In the past 9 months, over 7,000 people have been arrested in the United States for protesting. The actions have varied from marches to writing on the sidewalk with chalk. Government has taken a robust stance on protest enforcement, and has arrested people with impunity—leaving it to the court to work it out. It is safe to say that the events of the past nine months will set the distinction between protesting and criminal behavior for centuries. In the coming years we will see legal cases that will clearly define what our first amendment rights are from every dimension and in every specific circumstance.

Seven hundred of the 7,000 national protest arrests have come from Tucson, Arizona. There are six civil rights lawsuits on deck: one already dismissed, and one currently four months into litigation in Federal District Court (COOPER V. CITY OF TUCSON). From the collective lawsuits the rights to protest in a park, on the sidewalk, in the streets, and by writing with chalk will be clearly established legal precedence for the rest of history. Many of these particular situations are novel, and this will be the first time a judge ever rules on this type of situation.
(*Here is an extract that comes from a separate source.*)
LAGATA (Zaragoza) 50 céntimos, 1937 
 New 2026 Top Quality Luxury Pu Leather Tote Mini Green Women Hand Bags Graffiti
There are many claims of unconstitutional violations perpetuated by the police departments in their respective cities. During my time in the field I have personally seen the Tucson Police arrest people as a form of moving them out of the way (knowing that the charges will be dismissed in court.) The only way that the police will stop their actions—illegal or not—is if ordered to do so by a judge. There are a group of Pro Se Litigators around the U.S. that realize this sad fact and have begun the steps necessary to do just that. These trials will take at least two years to reach conclusion, but will establish law for centuries.

It is in our interest to assist these individuals that have put themselves in such a vulnerable position while keeping such a courageous temperament by getting arrested and putting themselves squarely in the government’s radar as a combatant. Whether we agree with their position or not, their successes are our successes. If they win in court: we have more rights; if they lose in court: we lose more rights. So, find these people in your area, and give them whatever support you can, because we are all in this battle for the honoring of our constitutional rights together.